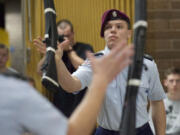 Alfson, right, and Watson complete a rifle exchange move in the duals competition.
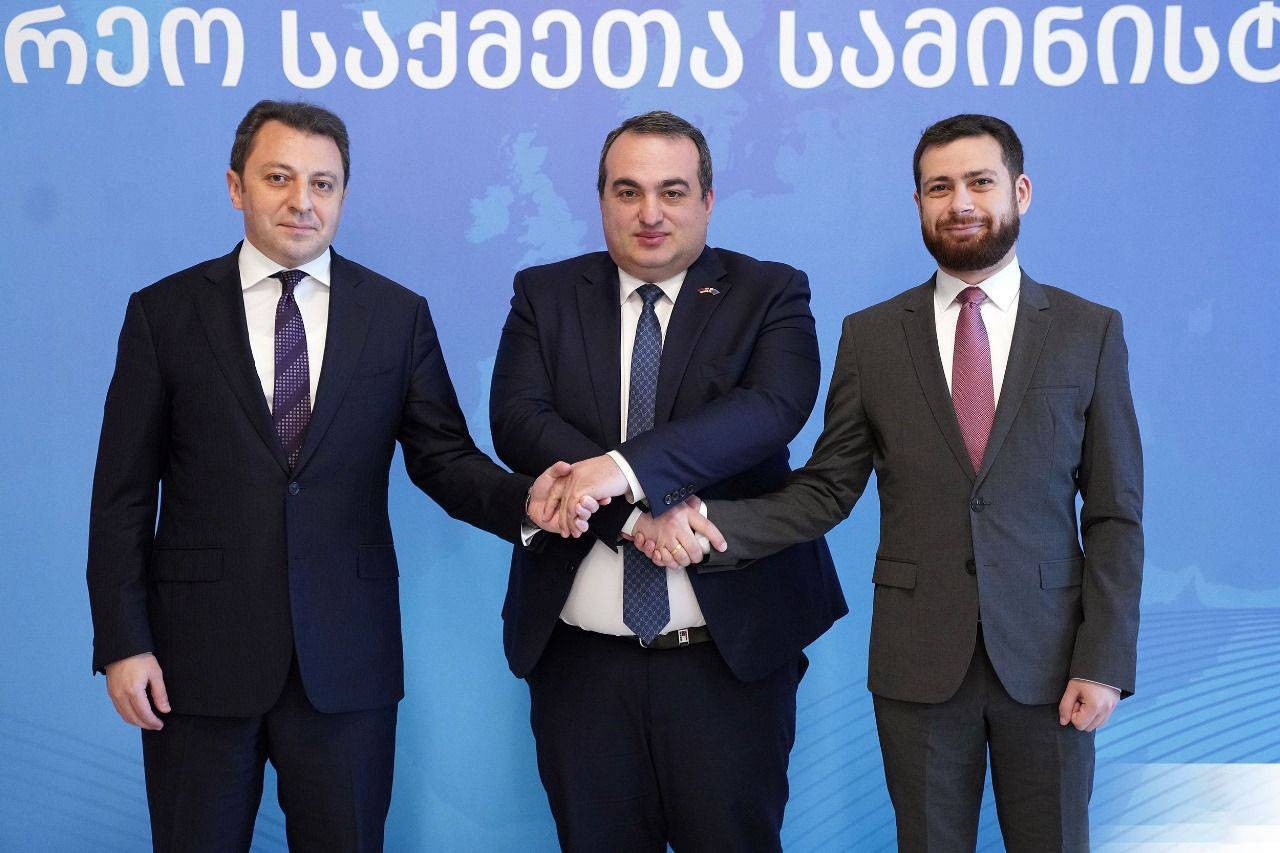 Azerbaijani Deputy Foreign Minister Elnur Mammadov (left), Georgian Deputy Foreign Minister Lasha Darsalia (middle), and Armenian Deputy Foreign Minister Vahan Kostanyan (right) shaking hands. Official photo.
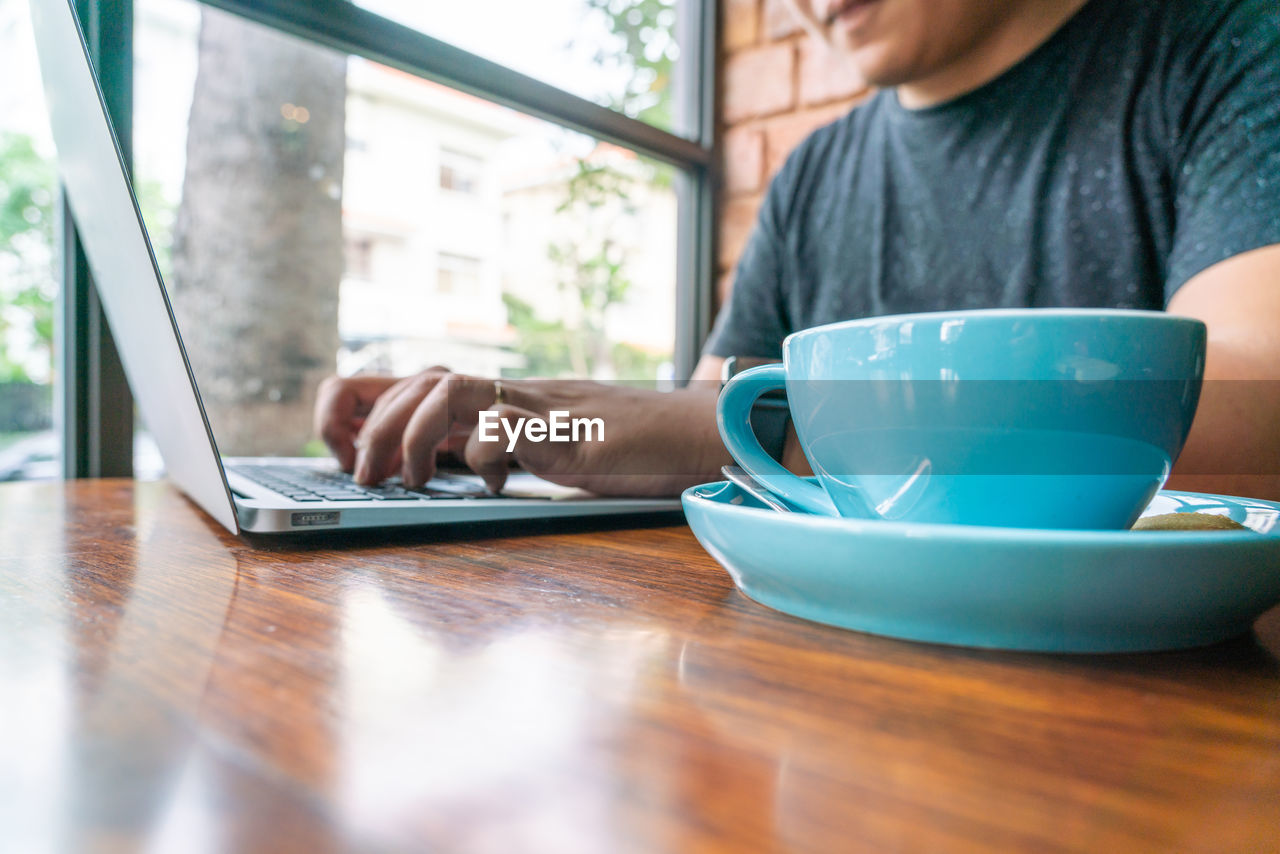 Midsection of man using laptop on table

■ Task objective
The required output is every line from the one containing "Azerbaijani Deputy Foreign" through the last line of the data above, restated exactly and without pictures.

■ Output of the exercise
 Azerbaijani Deputy Foreign Minister Elnur Mammadov (left), Georgian Deputy Foreign Minister Lasha Darsalia (middle), and Armenian Deputy Foreign Minister Vahan Kostanyan (right) shaking hands. Official photo.
 Midsection of man using laptop on table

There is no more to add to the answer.